~ by Carlo Vercellone, Alfonso Giuliani, Francesco Brancaccio ~
In this short article – For a communalisation of the public – Carlo Vercellone, Alfonso Giuliani and Francesco Brancaccio reflect on the way the emergence of commons movements can challenge the construction of the public in line with the logic of capital. This challenge allows us also to speak of the common in the singular, and pose the need of communisation of the public, in which the principles of democracy of the commons and its inappropriability can go at the very heart of the large institutions of the public and transform it from within. The conclusion: “…the public administration, once its transcendent position has been removed, must be rethought as a mere agent, and no longer as the owner, of collective goods and resources that it now feels free to abuse, alienating and privatising them…”.
Original French version can be found here.
For a communalisation of the public
In the face of the neo-liberal offensive that has been going on for more than forty years and of which the current pension reform is only the latest act, the return of state sovereignty is often invoked. One forgets, however, that ‘state power’ has not passively undergone the process of privatisation of the institutions it was supposed to protect from the logic of the market and the financialisation of capital. Not only has the state disengaged itself from this task of protecting welfare institutions, but it has often been a strategic actor in the opposite direction, promoting on all levels the neo-liberal strategy based on the commodification, propertization and corporatisation triptych.

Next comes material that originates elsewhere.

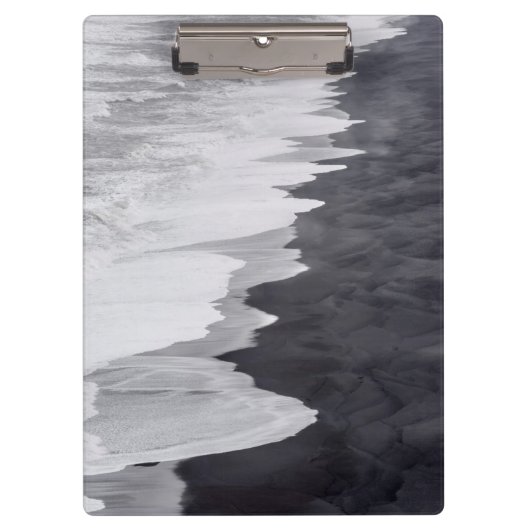 Schwarz-weiß-Strandszene Klemmbrett (Vorderseite)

This development is by no means the result of a fatality. It is based, to a large extent, on the way state public property has been constructed on the same absolute and exclusive logic as private property and in function of its protection (New Public Management). This is demonstrated by the fact that, in legal terms, while expropriation and nationalisation of private property always provide for compensation, privatisation of public property does not provide for any consultation or compensation for the community.
The strength and inventiveness of the resurgent commons movement, which has led us to speak of the commons in the singular, as an emergent mode of production, can help us emerge from this false state/market alternative. The forms of self-management of production, common property, and the experiences of direct democracy enacted by the new movements do not merely revive the social and solidarity economy and the non-statist tradition hegemonic within the early labour movement up to the Paris Commune. They also provide us with essential lessons for reflecting on what we can call the communisation of the public, where by this concept we refer to a configuration in which the principles of the democracy of the commons and inappropriability penetrate into the very heart of the macroscopic institutions of the public and transform, from within, the way public administration and public services function.
In support of this thesis, in this short space at our disposal, two main elements can help us overcome the conception of the public that is still dominant today, historically and theoretically.
The first is the establishment of the general social security system in France in 1945. Originally, the collection of social security contributions did not depend on the state or employers, but on a fund whose management was entrusted to workers’ representatives, first appointed by the trade unions, then directly elected by the employees. In this sense, the first organisational model of social security can be understood as a macroscopic institution of the common and still constitutes an essential reference for thinking about an alternative to the State-Market duopoly. In this regard, it is worth remembering that the stratagem adopted to pass the current pension reform through a rectifying finance law was only possible thanks to a progressive process of re-centralisation, the main stages of which lie in the Jeanneney ordinances that, in 1967, imposed paritarism and abolished the direct election of administrators by workers, and then, in 1996, in the institution of the social security financing laws that completed its statehood.
The second element is the reflection that developed in Italy within the Rodotà Commission (2007). As part of a project to rewrite the Civil Code, it proposed the introduction of the legal concept of ‘common goods’, but also a comprehensive reorganisation of the regime of public goods belonging to the state. Common goods are defined as ‘things that express functional utility for the exercise of fundamental rights and the free development of the person’ and that must be protected ‘also in the interest of future generations’. They are therefore inseparable from the processes of self-government that guarantee their reproduction, according to rules of ‘collective civic use’ that oppose the exclusive logic of property, whether public or private. Another proposal of the Rodotà Commission was to take away from the state administration the power to dispose of public goods as if it were their exclusive owner, and to design stronger legal devices to establish the inalienability and inappropriability of these goods.
In conclusion, the public administration, once its transcendent position has been removed, must be rethought as a mere agent, and no longer as the owner, of collective goods and resources that it now feels free to abuse, alienating and privatising them.